[Short web captions]

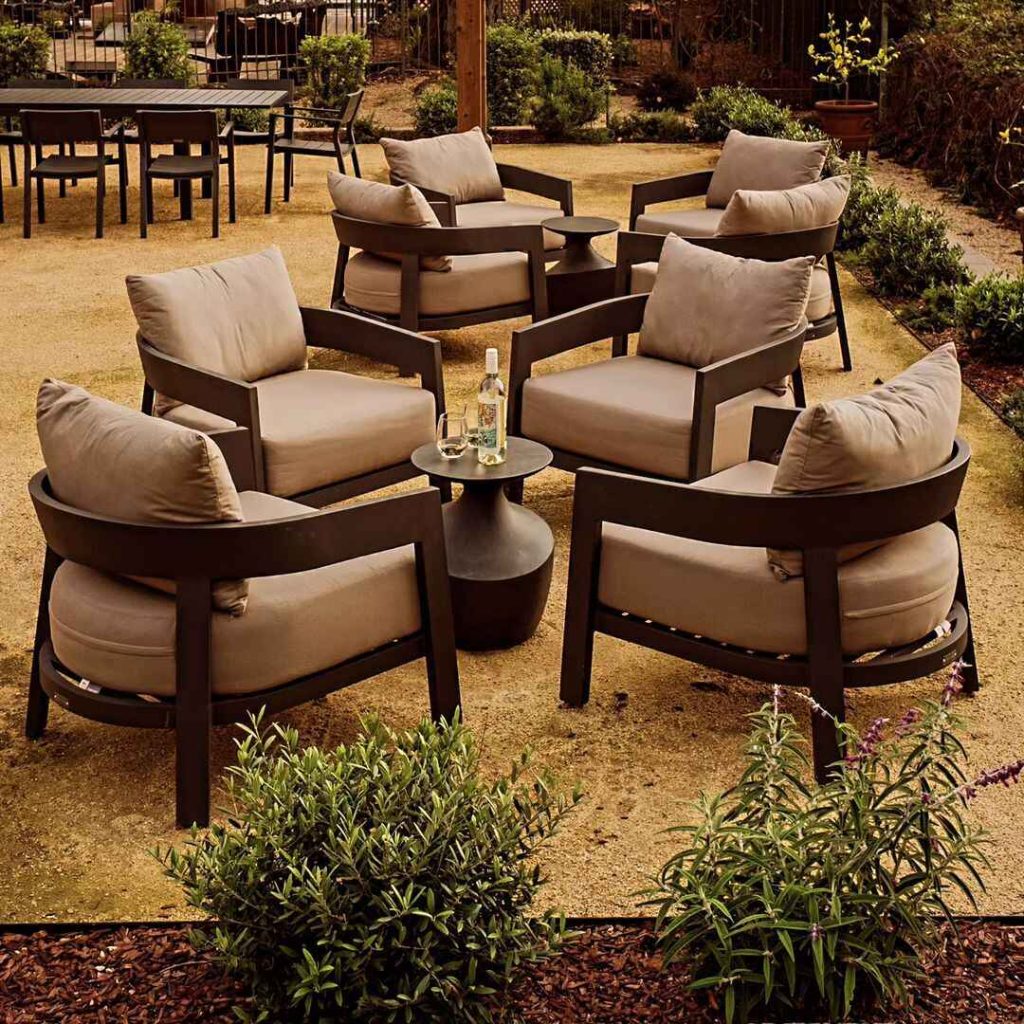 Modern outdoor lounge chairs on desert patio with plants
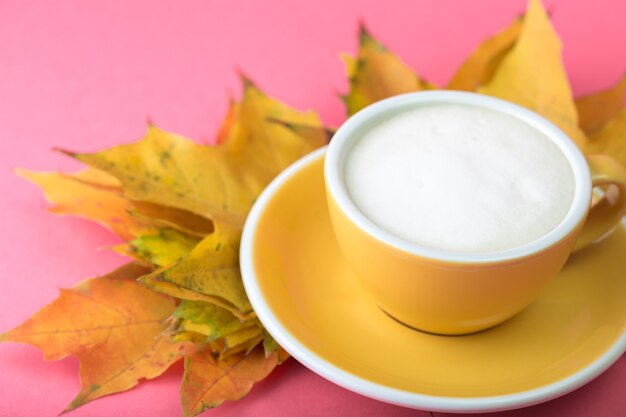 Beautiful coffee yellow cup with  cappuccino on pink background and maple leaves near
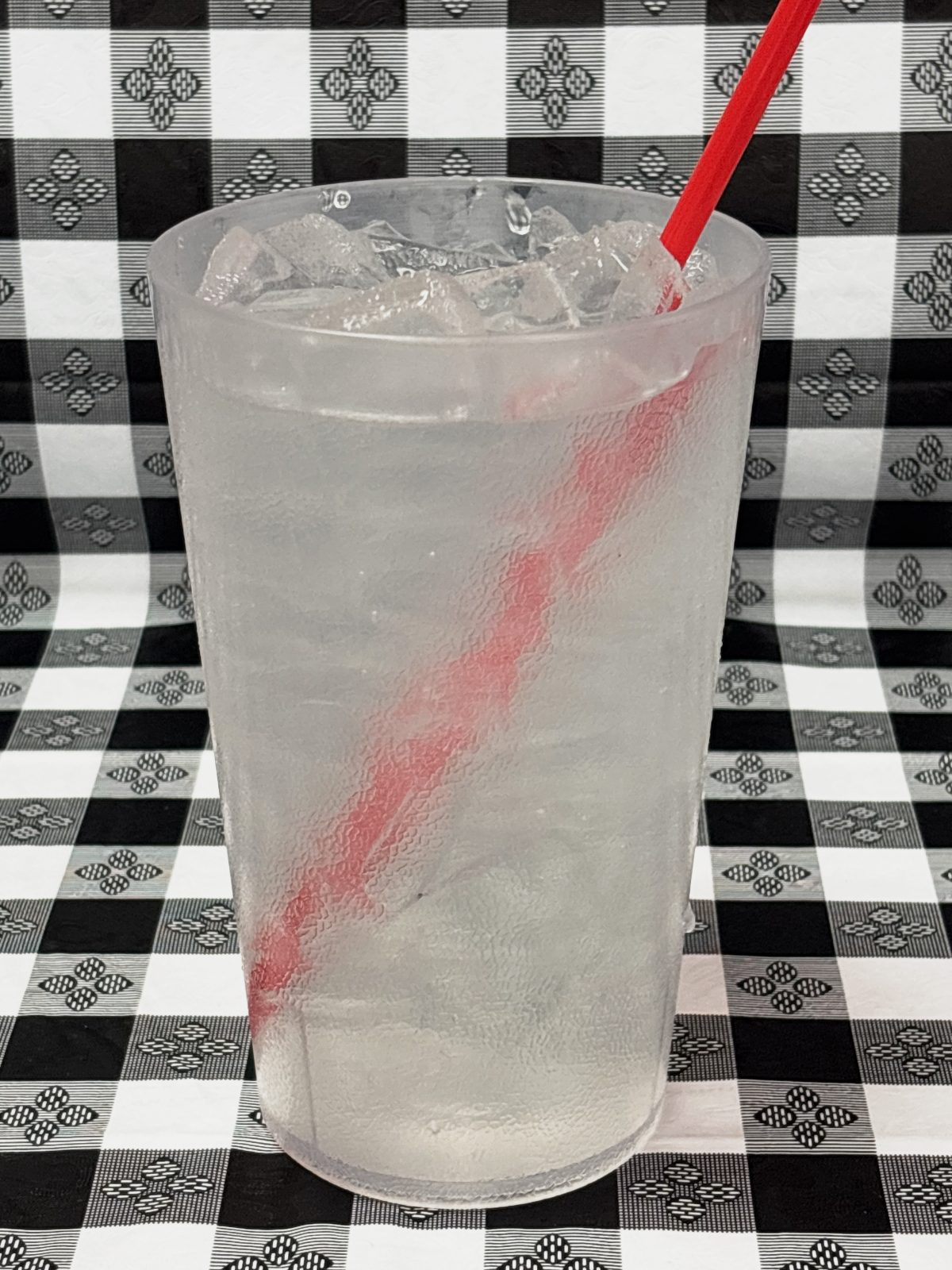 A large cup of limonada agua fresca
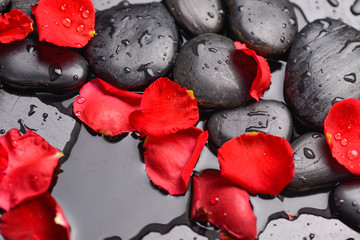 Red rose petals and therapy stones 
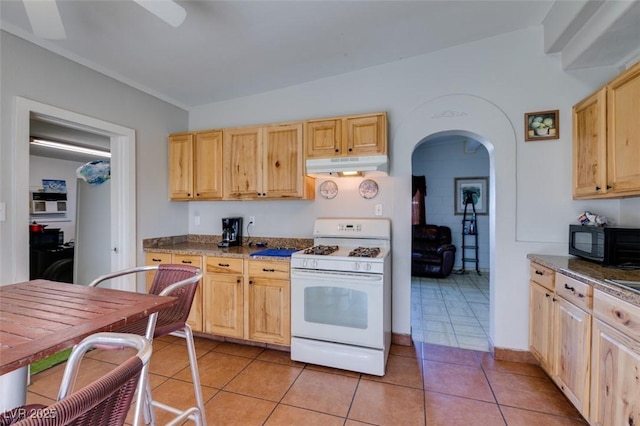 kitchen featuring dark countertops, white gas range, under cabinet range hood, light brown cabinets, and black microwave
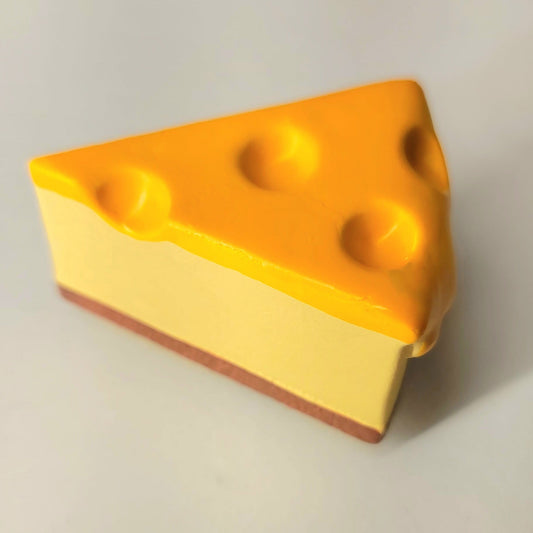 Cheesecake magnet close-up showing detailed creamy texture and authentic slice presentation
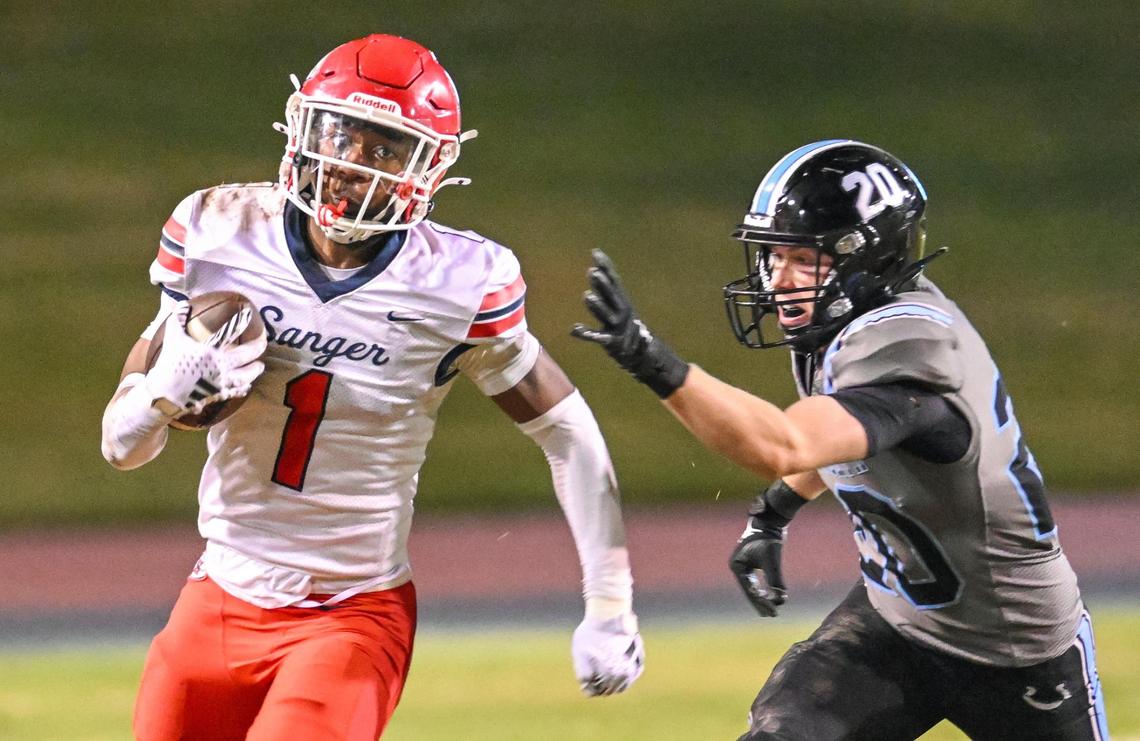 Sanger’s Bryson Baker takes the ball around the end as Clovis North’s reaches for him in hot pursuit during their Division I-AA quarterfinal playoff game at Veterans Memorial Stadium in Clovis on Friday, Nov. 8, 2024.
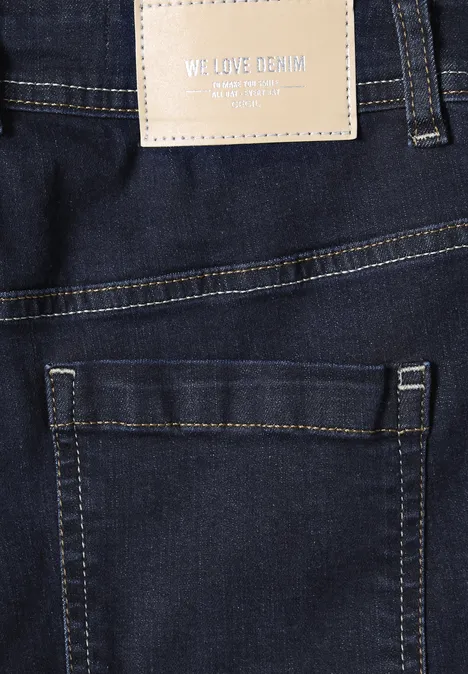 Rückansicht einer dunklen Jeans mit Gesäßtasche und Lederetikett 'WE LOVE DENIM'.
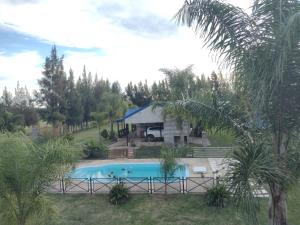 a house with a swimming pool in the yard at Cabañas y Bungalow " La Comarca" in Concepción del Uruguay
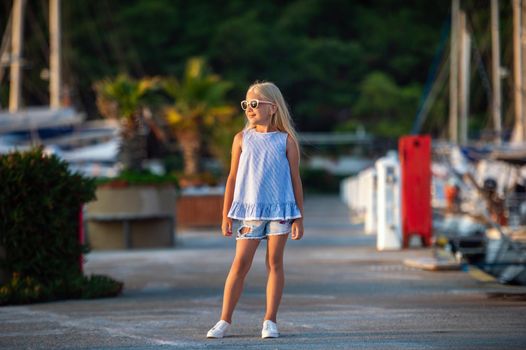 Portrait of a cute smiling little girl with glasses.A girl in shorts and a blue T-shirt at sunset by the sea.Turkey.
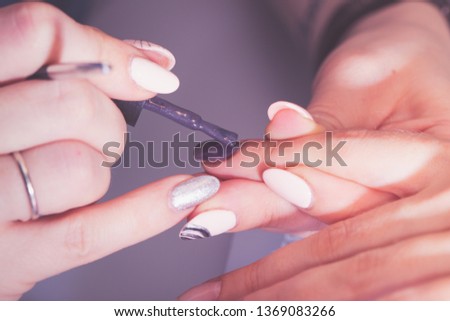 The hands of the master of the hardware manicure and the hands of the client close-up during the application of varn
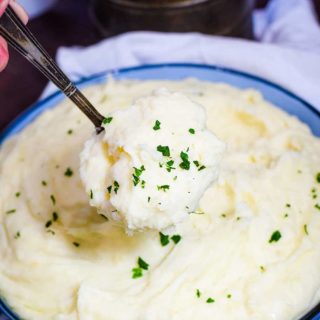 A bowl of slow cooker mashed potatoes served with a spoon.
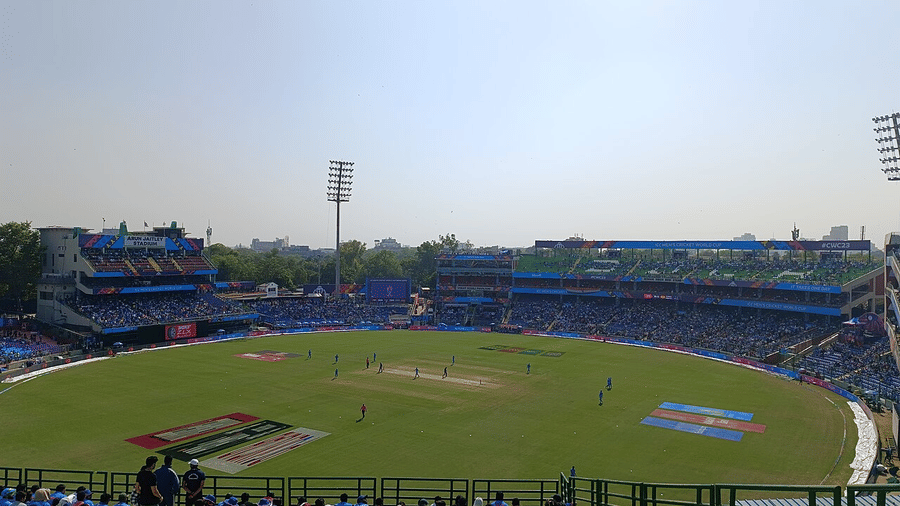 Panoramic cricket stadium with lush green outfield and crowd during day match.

What you have to do:
All lines between the one that contains "A bowl of slow" and the end of the records above, both included, are to be returned exactly as they stand, except for pictures, which are omitted.

Answer space:
 A bowl of slow cooker mashed potatoes served with a spoon.
 Panoramic cricket stadium with lush green outfield and crowd during day match.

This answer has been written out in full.